ShengcaiLiao/TransMatcher

Questions about input of TransMatcher and Variable Naming in implementation

turtleman99 opened this issue · 1 comments

Hi @ShengcaiLiao ,

Thank you so much for the impressive work!

I'm not familiar with person identification tasks, but I found another your paper that says, "The detection sub-task is to determine the presence of the probe subject in the gallery, and the identification sub-task is to determine which person in the gallery has the same identity as the accepted probe." So I assume the memory here (in the TransMatcher instance initialization) should be the gallery feature.

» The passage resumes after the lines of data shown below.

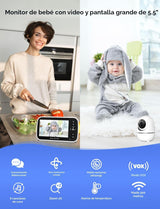 GoodBaby Monitor de bebé con cámara y audio, sin WiFi, zoom panorám...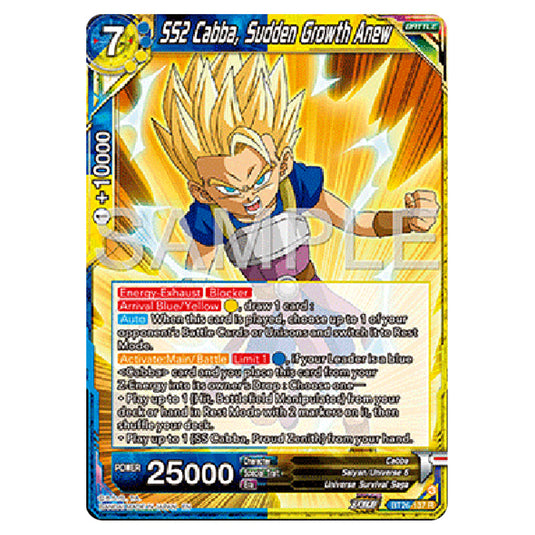 Dragon Ball Super - B26 - Ultimate Advent - SS2 Cabba, Sudden Growth Anew - BT26-137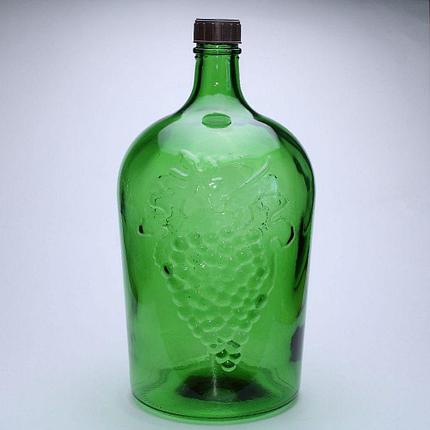 Стеклянная бутылка 3 л. (3000 мл.) винная (38) зеленая, фото 2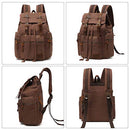 High Capacity Canvas Vintage Backpack - for School Hiking Travel 12-17" Laptop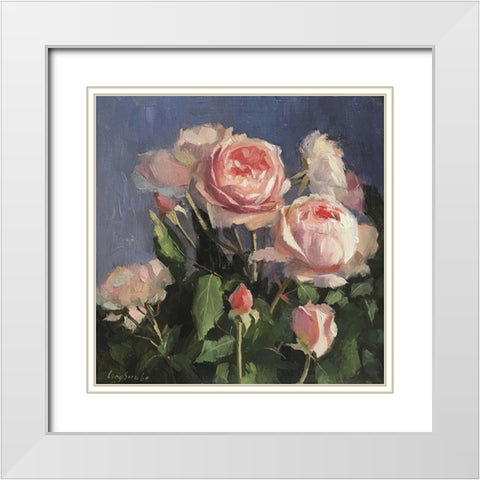 Garden Roses White Modern Wood Framed Art Print with Double Matting by Strube, Ling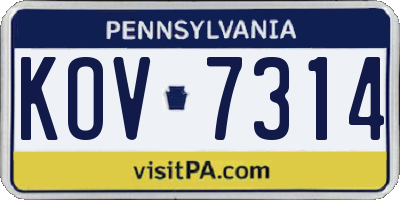 PA license plate KOV7314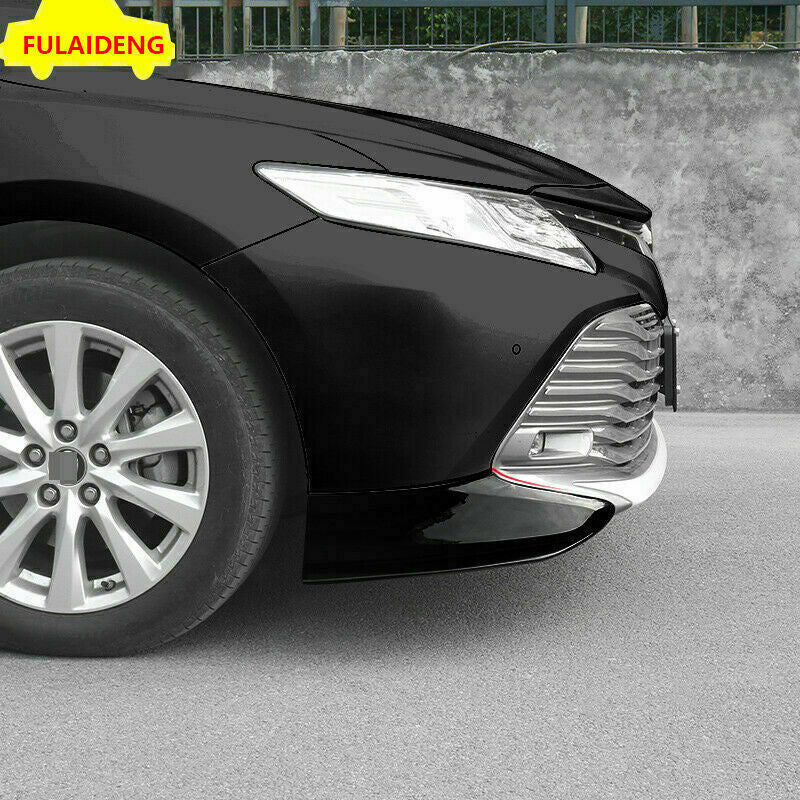 for Toyota for Camry 2018-2020 Glossy Black Front Bumper Guard Lip Corner Cover Trim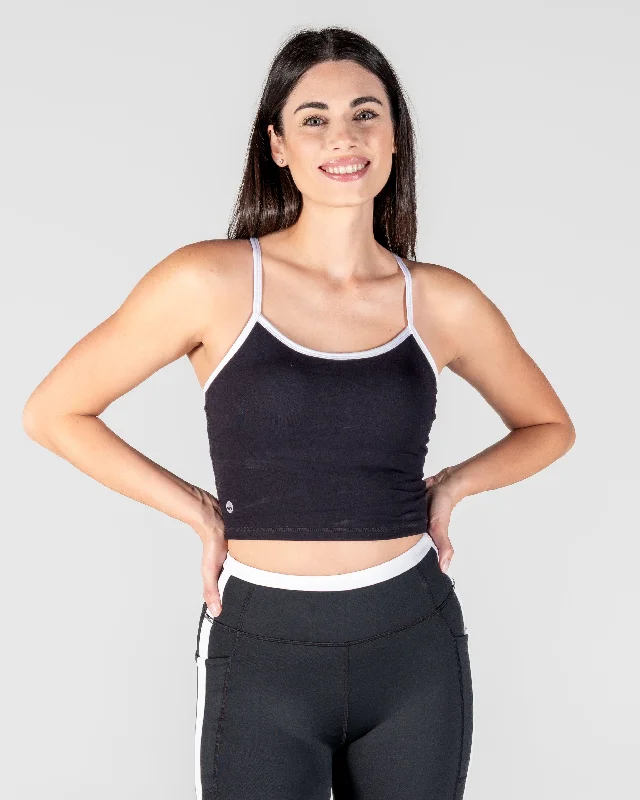 Sports top with sheer shape -Sculpt Ava Crop Top - Black & White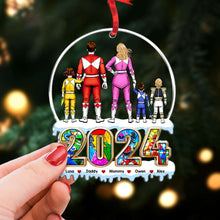 Load image into Gallery viewer, Personalized Family Acrylic Ornament: Superhero Theme for 2024 Ornament PopCulturePrints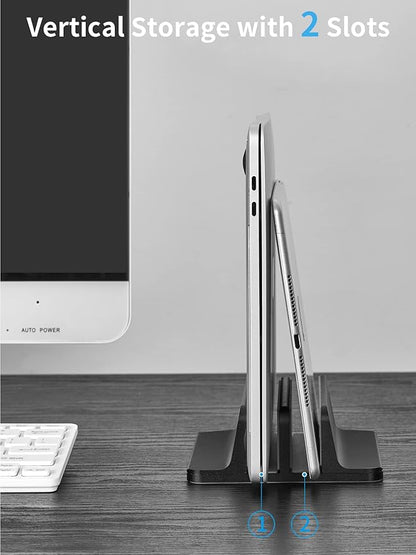 JARLINK Vertical Laptop Stand Holder, Aluminum Double Desktop Stand Holder with Adjustable Dock (Up to 17.3 inch), Compatible with MacBook, Surface, Chromebook, and Gaming Laptops, Black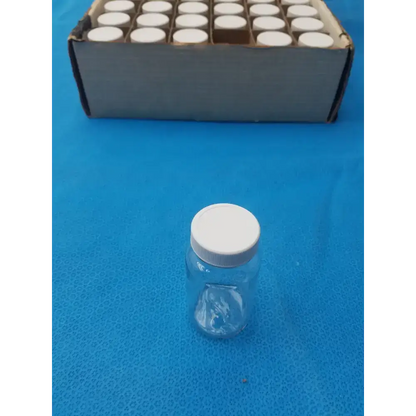Clear PET Wide Mouth Packer Bottles with White Screw Top Cap - Lot of 24 - Laboratory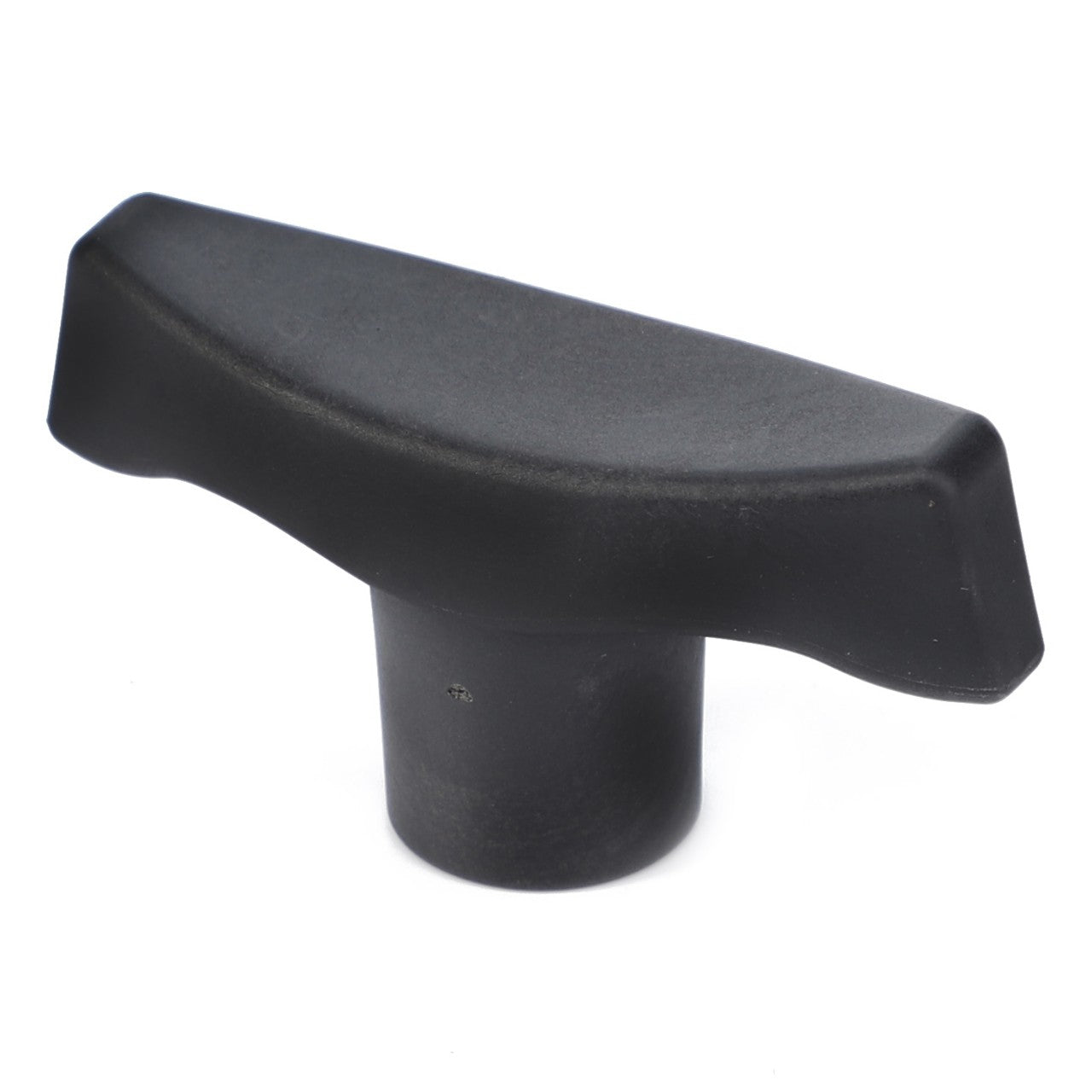 The AGCO Grip, Trailer Hitch Release - 4271479M1 is a black plastic T-shaped knob with a cylindrical base, designed specifically for Genuine Controls on Massey Ferguson Models.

Let's look at the forward function of the TransMatcher,

    def forward(self, features):
        score = self.decoder(self.memory, features)
        return score

The first input is memory, and the second is features. However, in the TransformerDecoder definition, it go as follow

    def forward(self, tgt: Tensor, memory: Tensor) -> Tensor:
        r"""Pass the inputs through the decoder layer in turn.
        Args:
            tgt: the sequence to the decoder (required).
            memory: the sequence from the last layer of the encoder (required).
        Shape:
            tgt: [q, h, w, d*n], where q is the query length, d is d_model, n is num_layers, and (h, w) is feature map size
            memory: [k, h, w, d*n], where k is the memory length
        """

The tgt and memory variables here confuse me. Which should be probe (query), and which should be gallery features?

Thank you for your reply in advance.

Hi Guangyuan,

Thank you for the interest. I'm sorry for the confusion, but don't worry, they are mostly exchangeable. You can forget about gallery and probe/query. Basically, TransMatcher here is doing pairwise image matching, or pairwise distance learning, so by definition the two input images should be able to be swapped, or at least, they are in the same standing but not something that should be differentiated.

What are you targeting for, with TransMatcher, by the way?